Post by Teddy Bear on Feb 27, 2007 21:05:17 GMT
Review in today's Independant on a new book where the title says it all.
'Scrap The BBC!' by Richard D North
An idiosyncratic polemic against state involvement in broadcasting
By Robert Hanks
Published: 27 February 2007
Richard D North doesn't much care for the labels "contrarian" or "maverick", which suggest a self-regarding tendency to cock a snook at received wisdom. North, I'm sure, is sincere. But knowing that the steak he is tucking into came off a sacred cow is all the mustard he needs. A pioneer of ecological journalism, he became frustrated with what he saw as the platitudinous, complacent streak in green thinking, an unwillingness to confront contradictions and consequences. So he has ended up defending causes as unfashionable as big oil and the fur trade.
This polemic against state involvement in broadcasting is of a piece with his recent work. North's case for scrapping the BBC - the subtitle's "10 years to save broadcasting" refers to the time before the next Charter renewal - falls into two parts. First, the BBC's status as a subsidised, regulated broadcaster is irrational and harmful. We don't think newspapers should be publicly owned, or distributed free in return for a compulsory levy. The BBC's insulation from market forces is unfair to commercial broadcasters and inhibits innovation. Moreover, it is funded by a regressive tax with a disproportionate impact on the poor. The second part revolves around the quality of the BBC's journalism, which North regards as smug, careless of proper divisions between reporting and comment, and inclined to toe a dull, left-liberal line.

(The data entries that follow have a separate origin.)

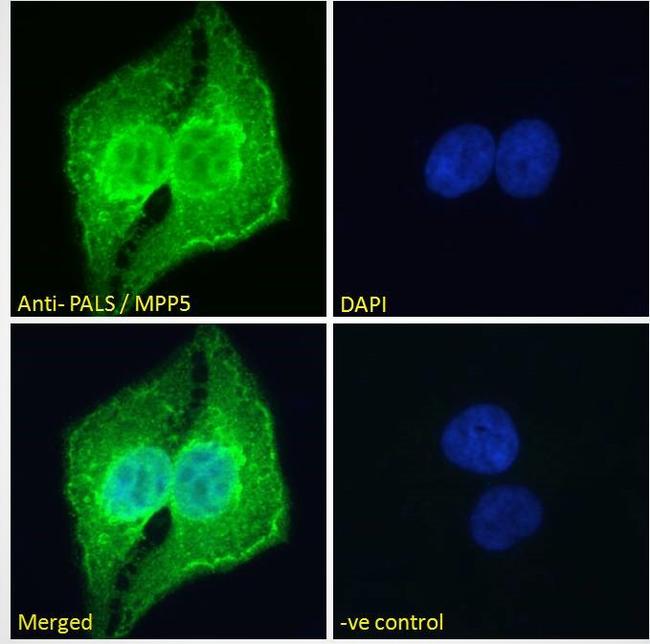 MPP5 Antibody in Immunocytochemistry (ICC/IF)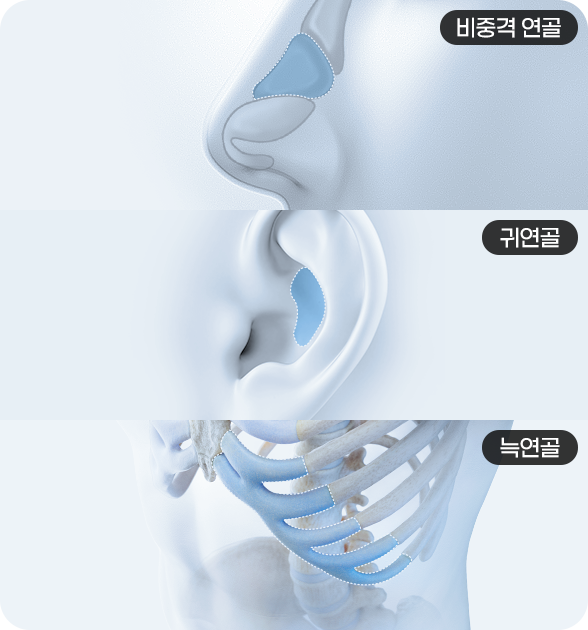 자가연골사용이미지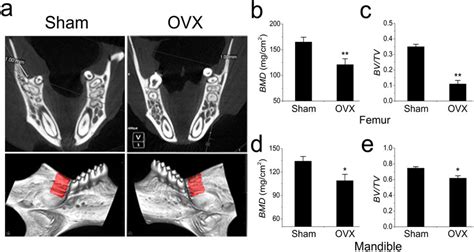 Micro Ct And Quantification Of Mouse Mandible And Femur A Micro Ct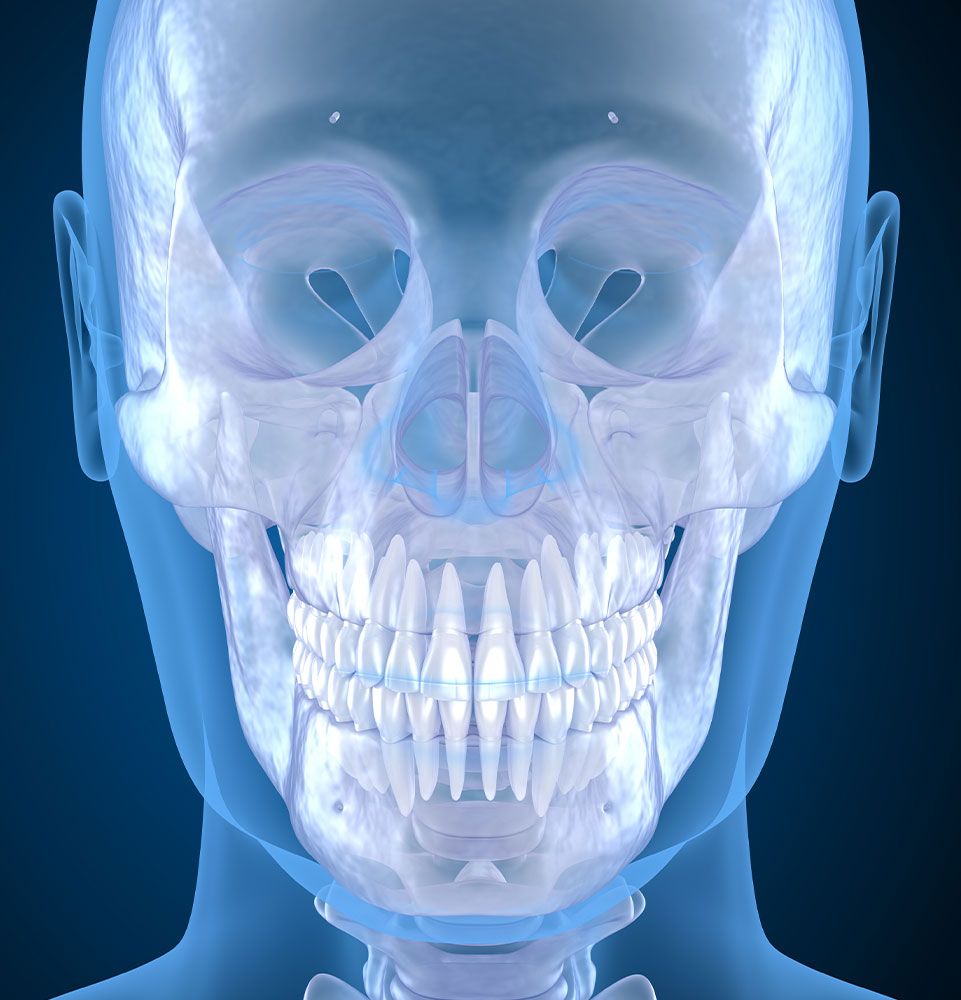oral jaw surgery 3d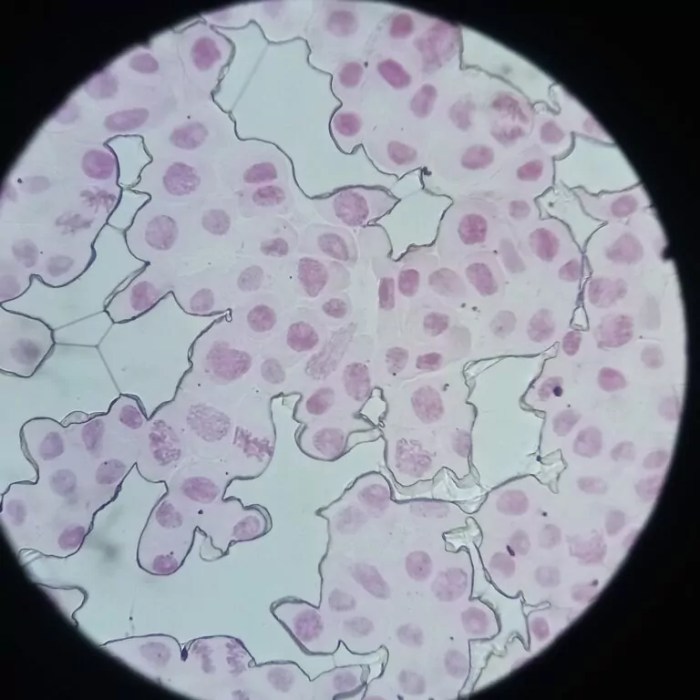 mitosis pembelahan bawang akar merah laporan praktikum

The book is an idiosyncratic blend of the irrefutable, the slapdash, the witty, the annoying and the plain wrong. That the BBC's structure and funding arrangements are irrational is obvious. It is unclear how much this matters: given the BBC's success over time, are there pressing reasons for abolition, rather than tinkering? Nor does he adequately make the case that the BBC's flaws are a product of its constitution: many of his complaints apply just as strongly to independent television and print journalism. However, North's strictures on BBC journalism (especially his bugbear, the Today programme) are by and large spot on, and often funny.
North ends with a short, shrewd and warm-hearted account of his life in journalism, probably the best reason to buy the book. There are several others; and while they may be outnumbered by reasons to chuck it across the room - well, the exercise will do you good, physically and mentally. For all his flaws North is, to borrow a phrase of his own, horribly bracing.